**EXERCISE INSTRUCTIONS:** Which lines run from the one containing "Контент с животными. Фотограф Олег Сотник" to the end of the material below? Copy them exactly, pictures excluded.
□ □ □
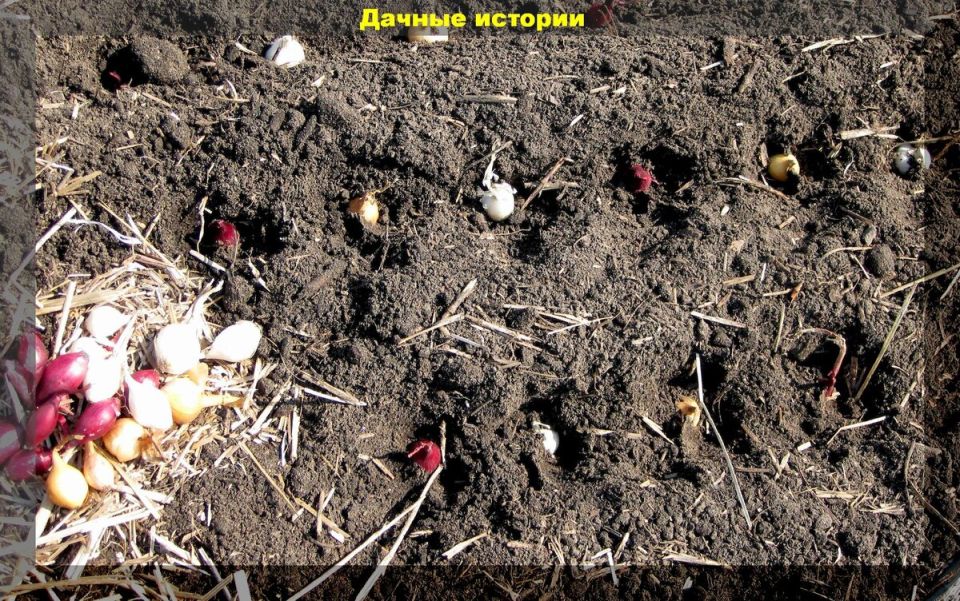 Топ-4 ошибки при посадке лука, которые могут испортить весь урожай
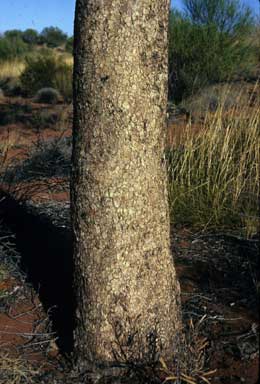 APII jpeg image of Corymbia chippendalei  © contact APII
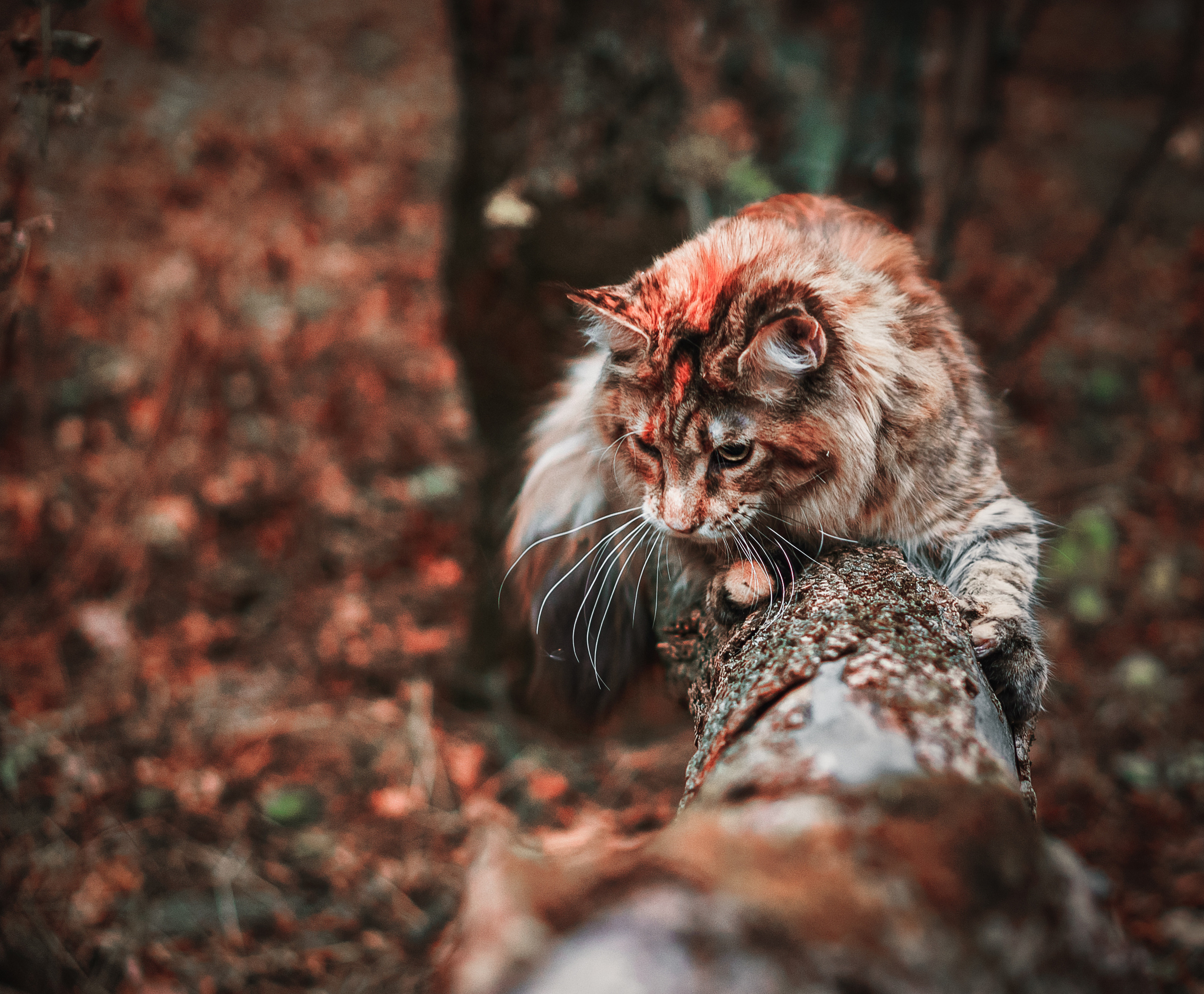 Контент с животными. Фотограф Олег Сотник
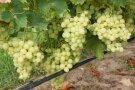 Trauben mit gelbgrünen Beeren am Rebstock.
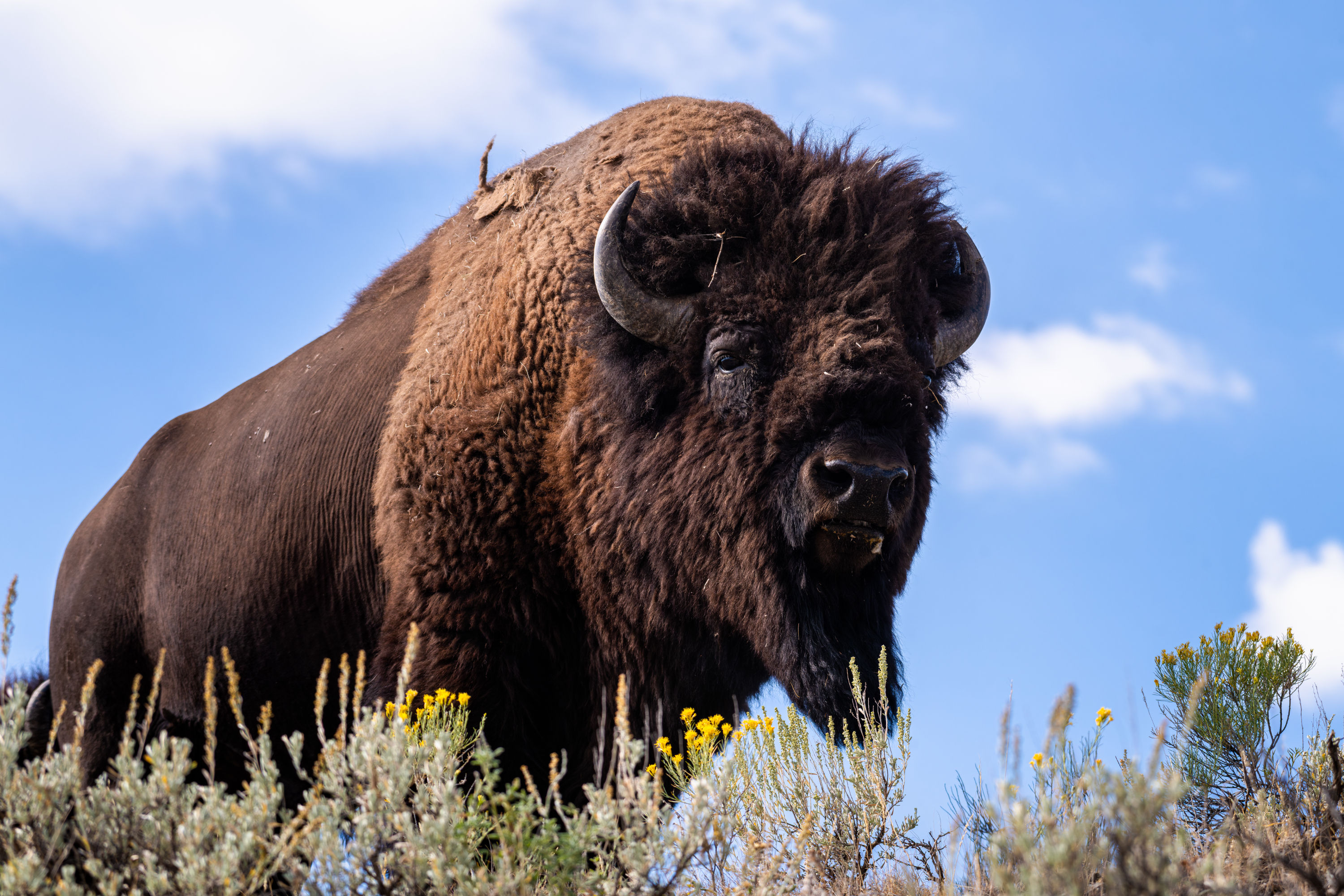 Little American Bison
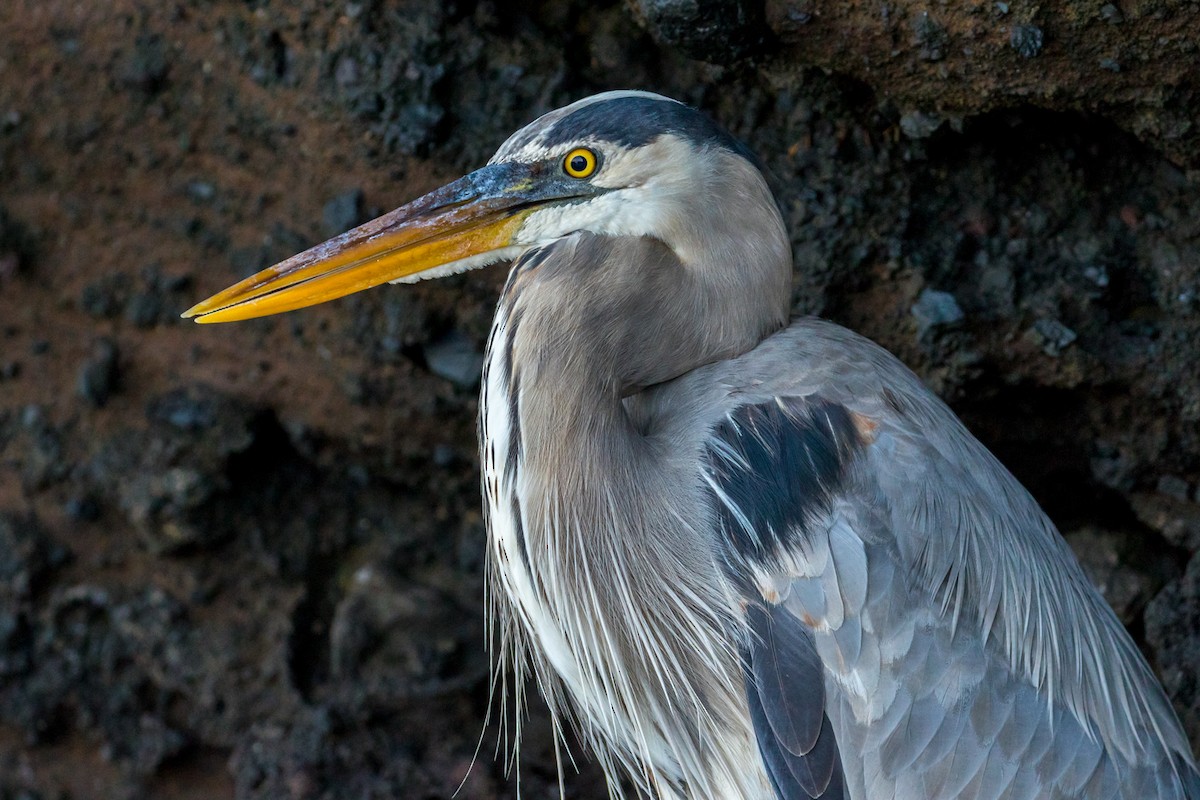 Great Blue Heron - ML94916041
□ □ □
**WRITTEN ANSWER:**
 Контент с животными. Фотограф Олег Сотник
 Trauben mit gelbgrünen Beeren am Rebstock.
 Little American Bison
 Great Blue Heron - ML94916041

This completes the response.